The fire had a serve impact on the one-storey administrative building neighbouring the theatre. “The building was ramshackle,” he said, adding that the committee had decided that converting it into a museum to display the theatre’s treasured collection of photographs of old plays would be the best way of saving it for future generations. “This required the consolidation of the building, the construction of another floor on top of the first one, and covering the original façade with a new glass one,” Abu Saida said.

“All these issues led to the increase in the previously allocated budget,” he said, adding that the stopping of the work for three years after the revolution and the increase of the price of materials as a result of changes in the exchange rates had also led to budgetary increases.
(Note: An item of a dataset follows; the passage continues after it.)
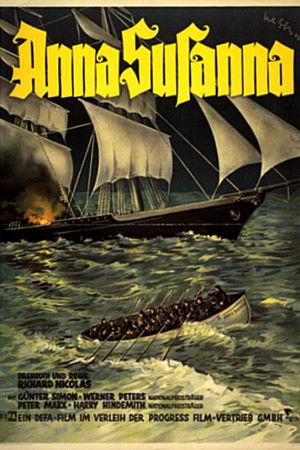 Anna Susanna Anna Susanna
As for complaints over the new glass façade, Abu Saida saw these as “unjustified architectural brouhaha.” There were no rights or wrongs in architecture, he said, where various visions were acceptable. Some people preferred traditional designs, he said, while others wanted to see modern or even post-modern designs. “There is a variety of acceptable architecture methods and designs,” Abu Saida said, adding that the mixing of the modern with the classic was a widespread feature of architectural design, seen, for example, at the Louvre Museum in Paris where a glass pyramid had been built within the ancient courtyard.

“This design aims to reflect the original building on the mirror glass façade of the new one in order to provide visitors with a new view of the old building,” he told the Weekly, adding that the design was in line with the development plan of the surroundings carried out by the National Organisation for Urban Harmony. According to this plan, the original entrance of the National Theatre on Al-Gomhouriya Street will be the new main entrance and the existing one on Al-Ataba Square will be closed. A “cultural path” will be built joining the National, Puppet and Taliaa Theatres, this containing an open-air theatre, a music kiosk and the water fountain that was removed several years ago.

“The project is one of the country’s new mega cultural projects, and it will not only rescue a historical site but also renew a very important cultural beacon that will help illuminate the coming generations,” Abu Saida said. Despite the controversy, the theatre is due to re-open to the public in November.